Autocomplete

Find all terms beginning with a given prefix, sorted by weight.¹

Learning Goals

Develop Java programs in IntelliJ independently.
One of the themes for the following assignments is not only writing your own tests, but also writing your own programs. In previous homeworks, we provided significant guidance to help you identify what subproblems to solve and how to solve them. In this homework, we will fade away some of this scaffolding and encourage greater independence.
Increase confidence in code correctness by testing programs with simulated datasets.
How do we know a program is truly correct? The answer is that we don’t, usually. This is a hard problem in computer science because bugs can come up in the most unsuspect places. In this course, we will use a software testing technique which attempts to cover most of the possible edge cases by simulating thousands or millions of real world inputs. The tricky test case in ArrayDeque from HW 2 was actually generated through one of these simulations.
Formally introduce asymptotic runtime requirements and exception handling.
A program can be correct on all inputs, but too slow to be useful. In previous homeworks, we informally introduced timing and memory tests as a means of providing feedback. For this assignment, we will enforce runtime requirements since our implementation needs to be fast if we want to use it as part of HuskyMaps. Additionally, as our programs begin to take real world inputs, they also need to handle malformed data.

Getting Started
Introduction
Term
Autocomplete API
LinearRangeSearch
BinaryRangeSearch
Testing
Interactive GUI
Submission

Getting Started

Pull the skeleton repository to get the autocomplete assignment.

Introduction

Write a program to implement autocomplete for a given set of terms, where a term is a query string and an associated non-negative weight. That is, given a prefix, find all queries that start with the given prefix, in descending order of weight.

Autocomplete is pervasive in modern applications. As the user types, the program predicts the complete query (typically a word or phrase) that the user intends to type. IMDB uses it to display the names of movies as the user types; search engines use it to display suggestions as the user enters web search queries; cell phones use it to speed up text input.

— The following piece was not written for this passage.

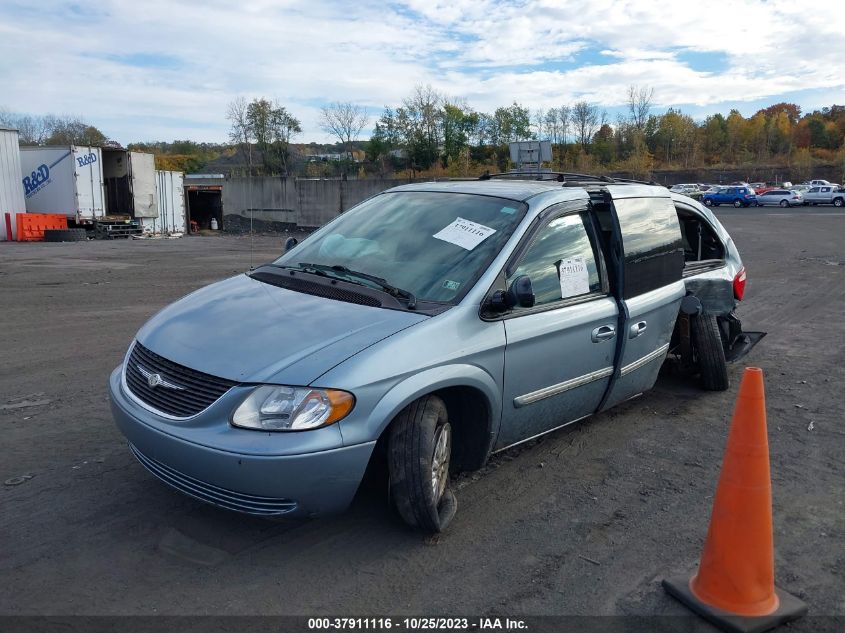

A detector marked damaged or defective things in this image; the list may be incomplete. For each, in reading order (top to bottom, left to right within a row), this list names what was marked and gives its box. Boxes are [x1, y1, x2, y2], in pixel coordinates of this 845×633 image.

In these examples, the application predicts how likely it is that the user is typing each query and presents to the user a list of the top-matching queries, in descending order of weight. These weights are determined by historical data, such as box office revenue for movies, frequencies of search queries from other Google users, or the typing history of a cell phone user. For the purposes of this assignment, you will have access to a set of all possible queries and associated weights (and these queries and weights will not change).

The performance of autocomplete functionality is critical in many systems. For example, consider a search engine which runs an autocomplete application on a server farm. According to one study, the application has only about 50ms to return a list of suggestions for it to be useful to the user. Moreover, in principle, it must perform this computation for every keystroke typed into the search bar and for every user!

In this assignment, you will implement autocomplete by sorting the terms by query string; binary searching to find all query strings that start with a given prefix; and sorting the matching terms by weight.

Note: This homework continues the theme of reduced autograder feedback. While you can still submit as many times as you like, feedback will be limited to large-scale tests on the full dataset. This tells you whether your program is fully correct, but might not directly help with developing your program.

Term

Implement a class Term that represents an autocomplete term—a query string and an associated integer weight. You must implement the following API, which supports comparing terms by three different orders:

Lexicographic order (dictionary order) by query string (the natural order).
In descending order by weight (an alternate order).
Lexicographic order by query string but using only the first r characters (a family of alternate orderings).

The last order may seem a bit odd, but you will use it to later find all query strings that start with a given autocomplete query prefix of length r.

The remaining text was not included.